- Task requirements
The pictures in the listing below are to be skipped, while the lines between the line holding "White MAINALUN snow" and the line holding "Judith Leiber Blue", inclusive, are to be output exactly.

[[ Data for analysis open ]]

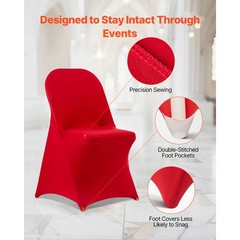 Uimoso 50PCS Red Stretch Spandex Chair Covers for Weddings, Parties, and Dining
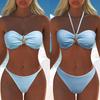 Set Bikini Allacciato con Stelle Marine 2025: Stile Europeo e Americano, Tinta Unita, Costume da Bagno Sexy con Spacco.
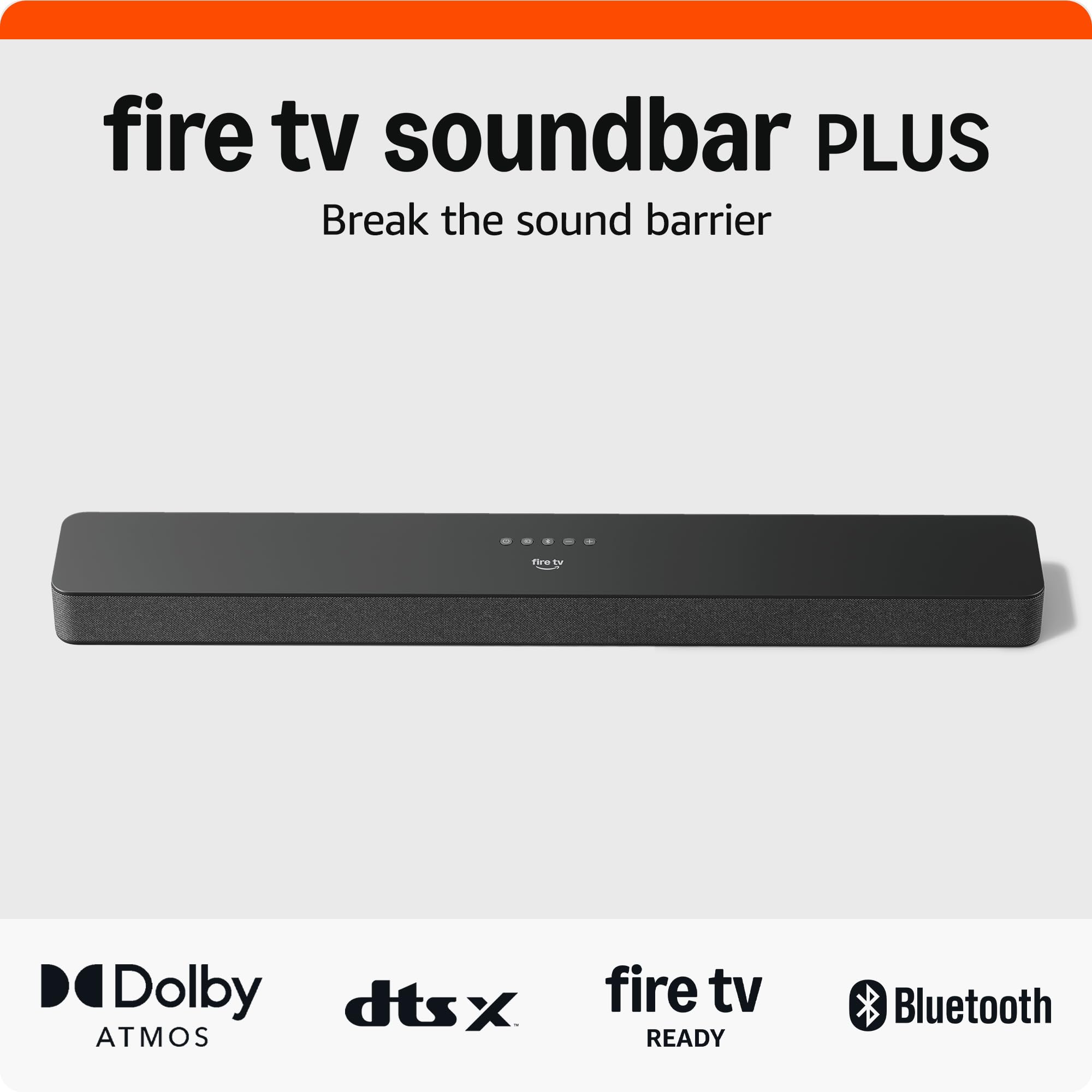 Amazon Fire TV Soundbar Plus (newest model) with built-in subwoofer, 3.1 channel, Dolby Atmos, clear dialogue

[[ Data for analysis closed ]]
[[ Data for analysis open ]]

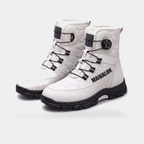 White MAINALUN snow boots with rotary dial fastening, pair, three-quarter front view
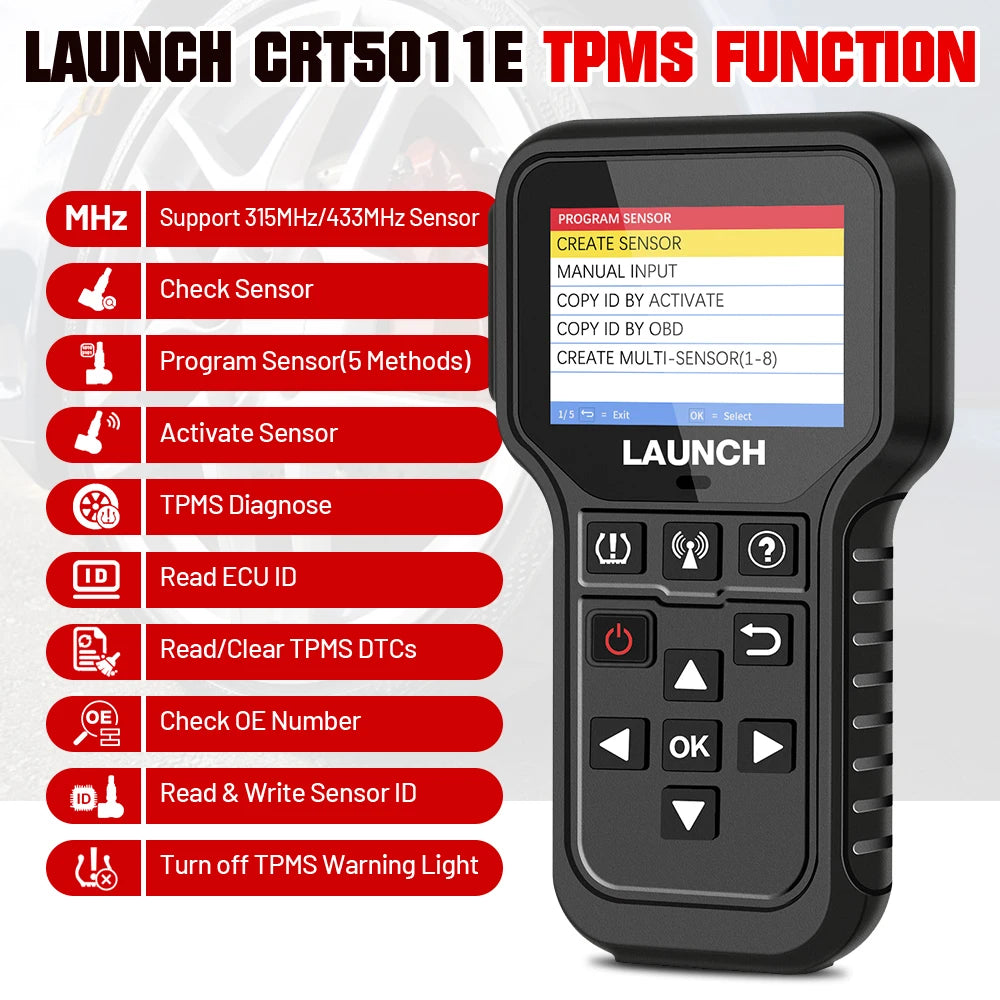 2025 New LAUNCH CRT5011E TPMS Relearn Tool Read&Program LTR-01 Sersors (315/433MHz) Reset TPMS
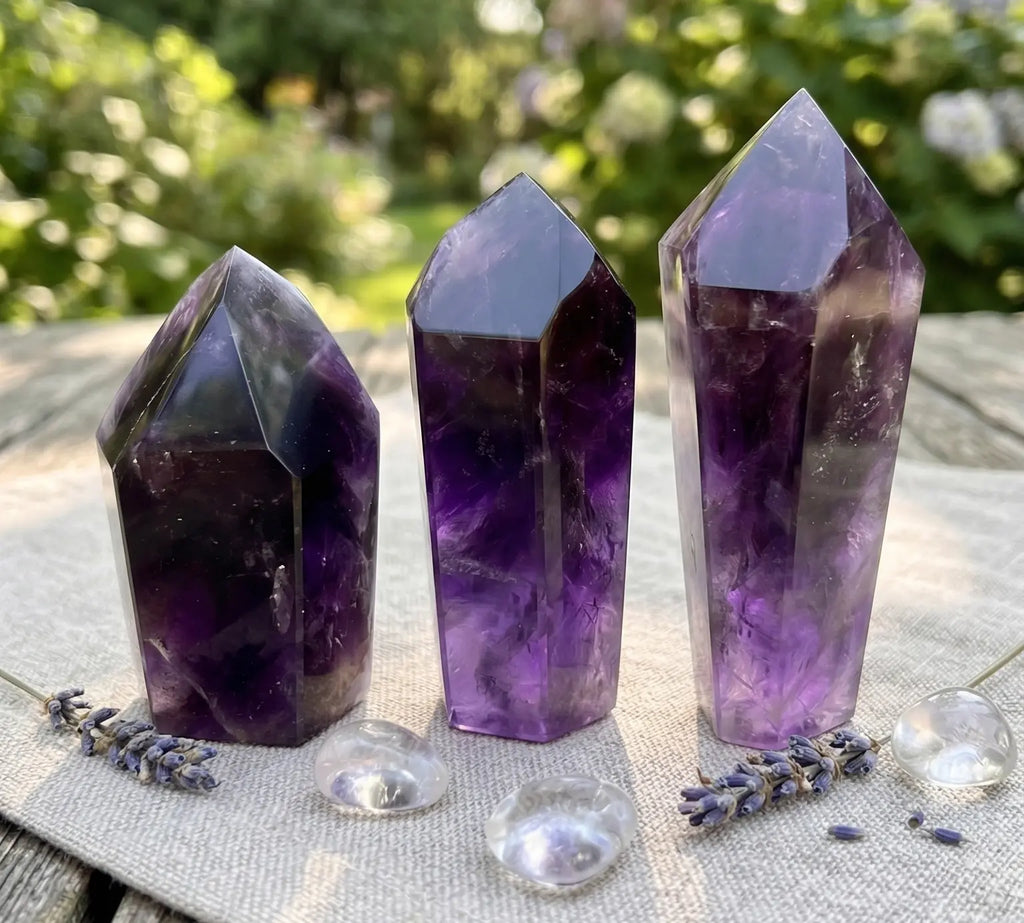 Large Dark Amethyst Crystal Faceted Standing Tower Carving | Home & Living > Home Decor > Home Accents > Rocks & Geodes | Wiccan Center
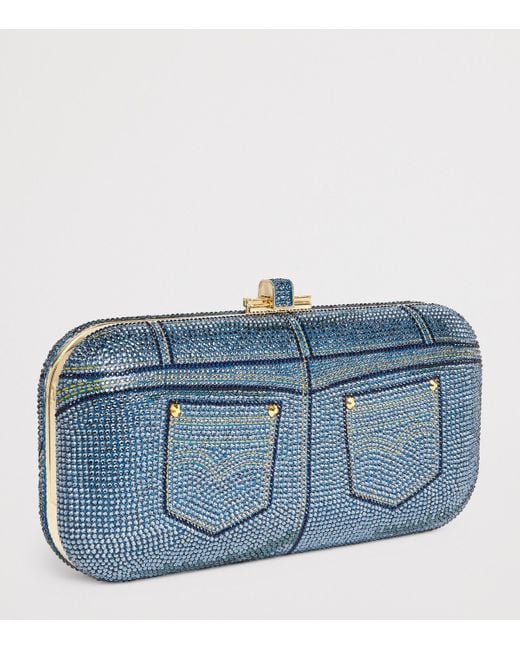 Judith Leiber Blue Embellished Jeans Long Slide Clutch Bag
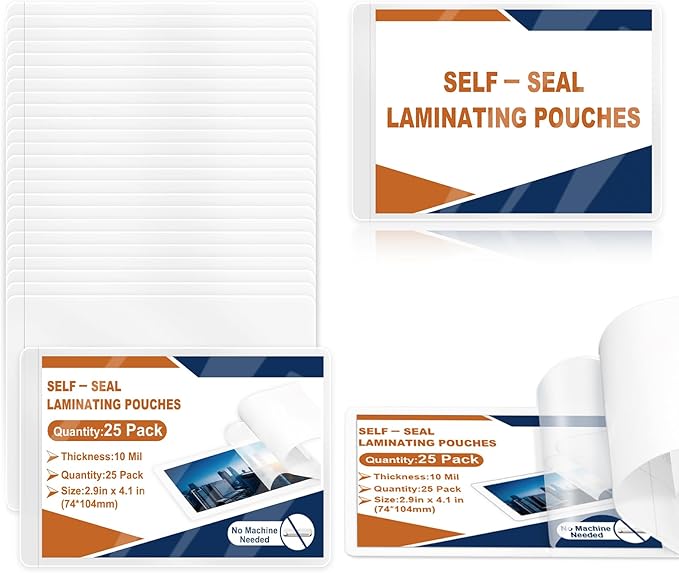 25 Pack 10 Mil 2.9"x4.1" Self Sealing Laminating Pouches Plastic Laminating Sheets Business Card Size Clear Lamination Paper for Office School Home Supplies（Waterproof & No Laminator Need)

[[ Data for analysis closed ]]
[[ Data for analysis open ]]

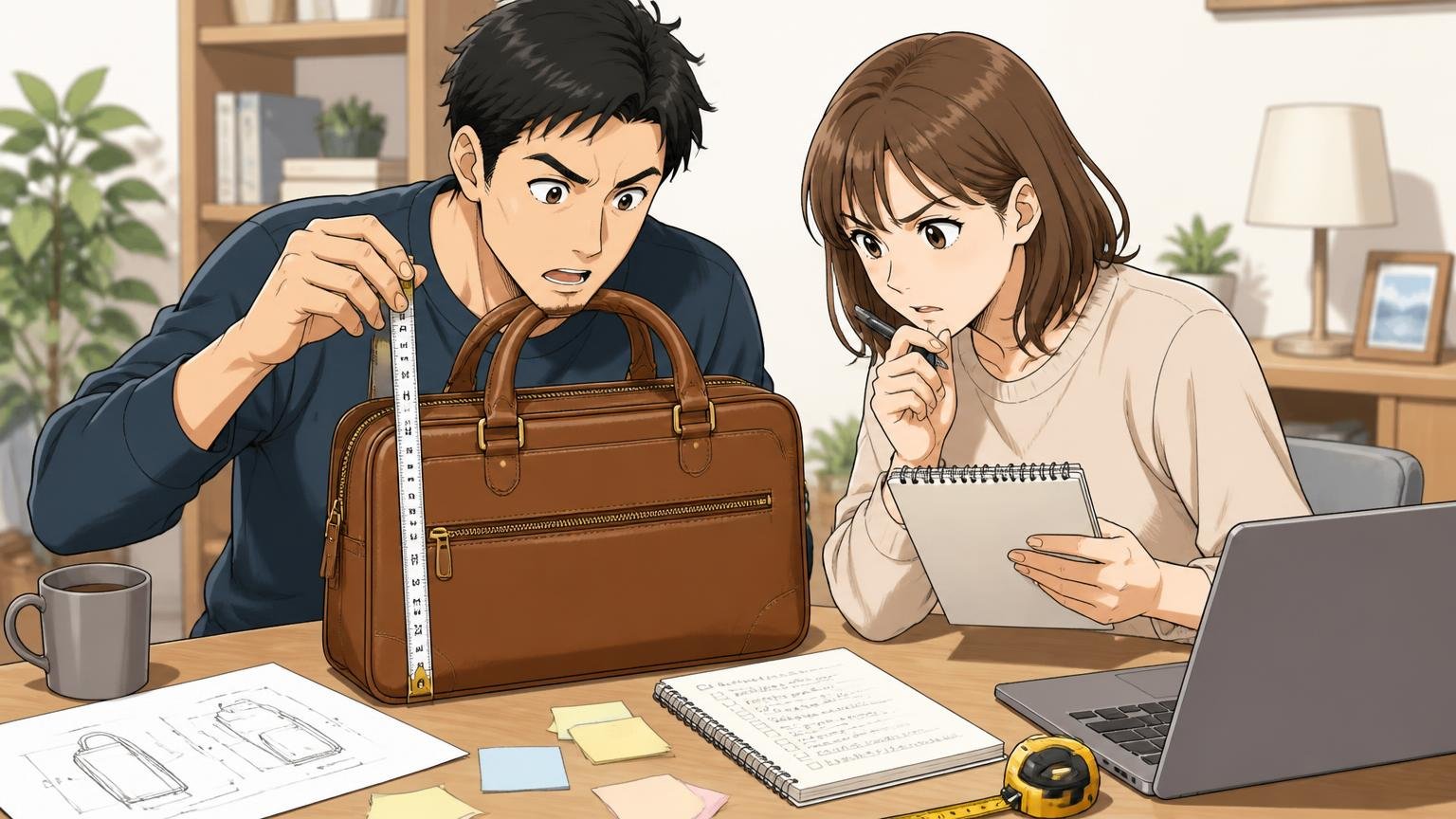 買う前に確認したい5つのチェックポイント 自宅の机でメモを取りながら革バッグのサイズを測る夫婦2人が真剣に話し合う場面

[[ Data for analysis closed ]]

- Response to the task
 White MAINALUN snow boots with rotary dial fastening, pair, three-quarter front view
 2025 New LAUNCH CRT5011E TPMS Relearn Tool Read&Program LTR-01 Sersors (315/433MHz) Reset TPMS
 Large Dark Amethyst Crystal Faceted Standing Tower Carving | Home & Living > Home Decor > Home Accents > Rocks & Geodes | Wiccan Center
 Judith Leiber Blue Embellished Jeans Long Slide Clutch Bag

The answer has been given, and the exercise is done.